The white marble tablet measures two feet in length and weighs about 200 pounds. The stone is also thought to be the oldest existing inscription of the Ten Commandments, according to the Dallas-based Heritage Auctions, aside from the original.

The opening bid is $250,000 for the stone. It is inscribed in Samaritan script with principles fundamental to Judaism and Christianity.

It is said to have been chiseled during the late Roman or Byzantine era between 300 and 500 AD. It marked the entrance of an ancient synagogue that was supposedly destroyed by the Romans, Heritage Auctions noted in a statement.

The stone was also reported to have been found in 1913 during an excavation for a railroad line in Israel, according to Rabbi Shaul Deutsch, founder of the living Torah Museum in Brooklyn, New York.
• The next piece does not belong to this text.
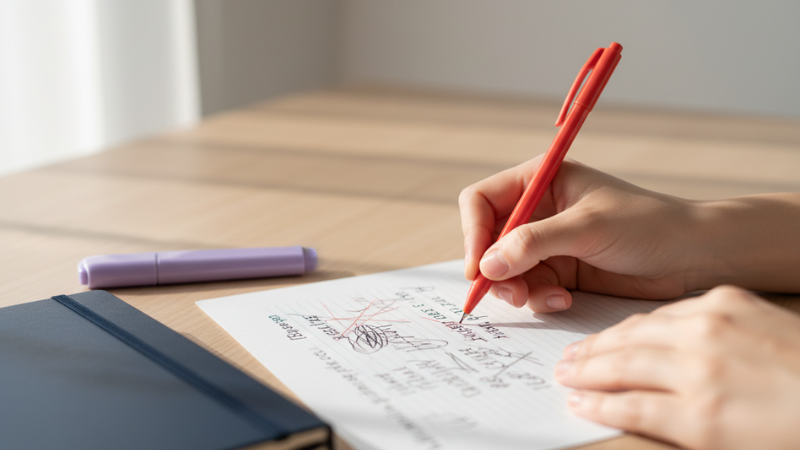 Hand holding red pen, writing on paper with sketches and notes. Purple pen and closed notebook on wooden table, natural light from window.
The museum contains a large collection of artifacts of Jewish life and history dating back to antiquity. They are selling the tablet in an effort to attract younger visitors.

"The sale will provide us with the money to do what we need to do. It's all for the best," Deutsch said in a statement.

The tablet was acquired in 1943 by an archeologist, who owned it until his death in 2000.

Deutsch acquired the tablet for a temporary period through an agreement with the Israel Antiquities Authority and then bought it after a legal settlement, Heritage Auction officials said.